Tiger Woods is one of only a few transformative players in the history of golf. His ability to close out tournaments and his commitment to personal fitness led to a new generation of PGA Tour-ready young guns, and the amount of money he’s brought to the game over the years is nothing short of absurd.
Article continues below ...
With 14 major titles and 79 PGA Tour wins, Woods was easily the most dominant professional golfer since Jack Nicklaus. However, every journey of a thousand miles begins with a single step, and for Woods, that first step came at his professional debut at the 1996 Greater Milwaukee Open, held exactly 20 years ago this week.

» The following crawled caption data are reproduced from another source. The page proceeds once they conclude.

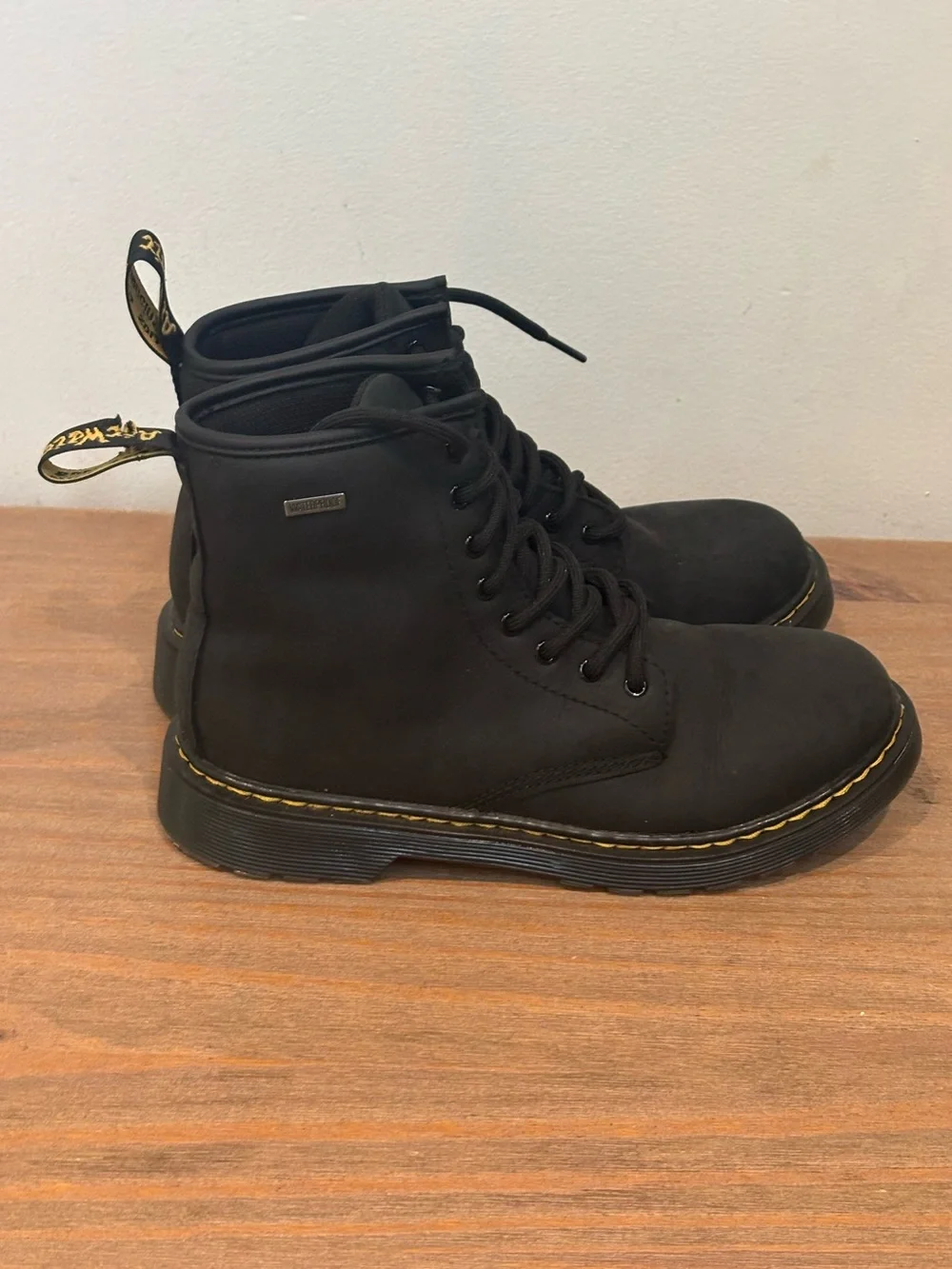 Dr. Martens 1460 Waterproof black Junior moto combat Boots youth 4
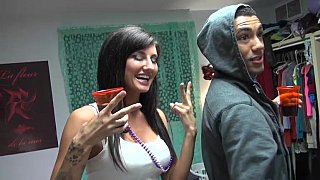 Hai chị em da trắng và xinh đẹp cùng nhau phục vụ anh trai. Người đẹp gợi cảm trên giường liếm núm vú của anh trai và ăn dương vật của anh ấy. Người đàn ông đam mê trên đỉnh không được bảo vệ và người anh lớn chơi với hai người phụ nữ.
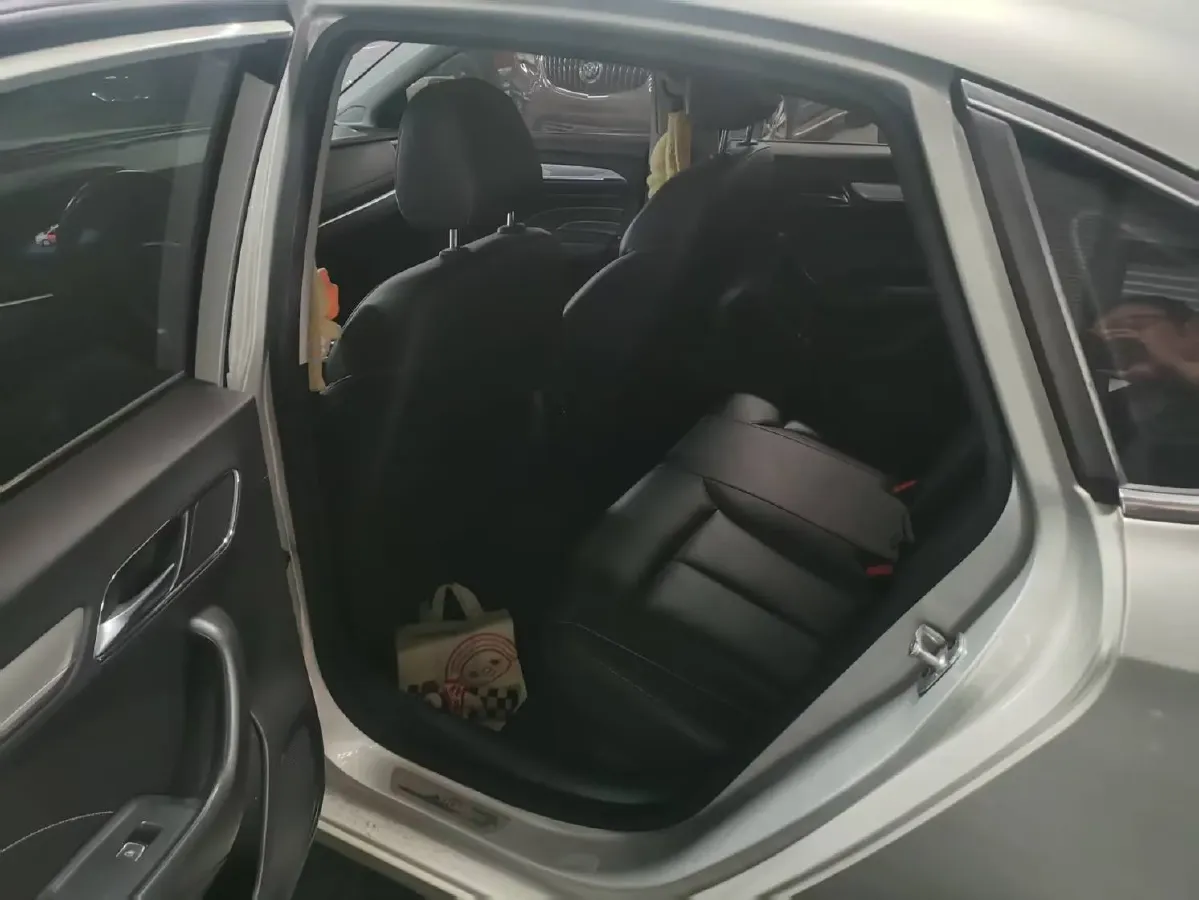 2017 Roewe i6 1.0T 125HP L3 2AT PHEV,autocango,china used car exporter,china ev exporter,chinese used car exporter,chinese used ev exporter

In hindsight, that event was clearly the start of something big, but you might have been fooled by Woods’ actual performance. Coming off a third consecutive U.S. Amateur win just a few weeks before, the former Stanford Cardinal carded rounds of 67-69-73-68 to end up with a seven-under-par 277.
Woods ended up in a tie for 60th and bagged $2,544 for his first PGA Tour paycheck. For comparison, Russell Knox tied for 60th at The Barclays last week and took home $18,445 for his efforts — not bad for a week’s work. The Scot has Woods to thank for that paycheck — without him, the PGA Tour’s ad revenue wouldn’t be anything close to what it is today.
While his professional debut didn’t go according to plan, it didn’t take long for Woods to find his footing on the PGA Tour. In eight more events over the final four months of 1996, he found the top 25 every time and picked up wins at the Las Vegas Invitational and the Walt Disney Classic. He became a major champion the following spring, and the rest is history — really.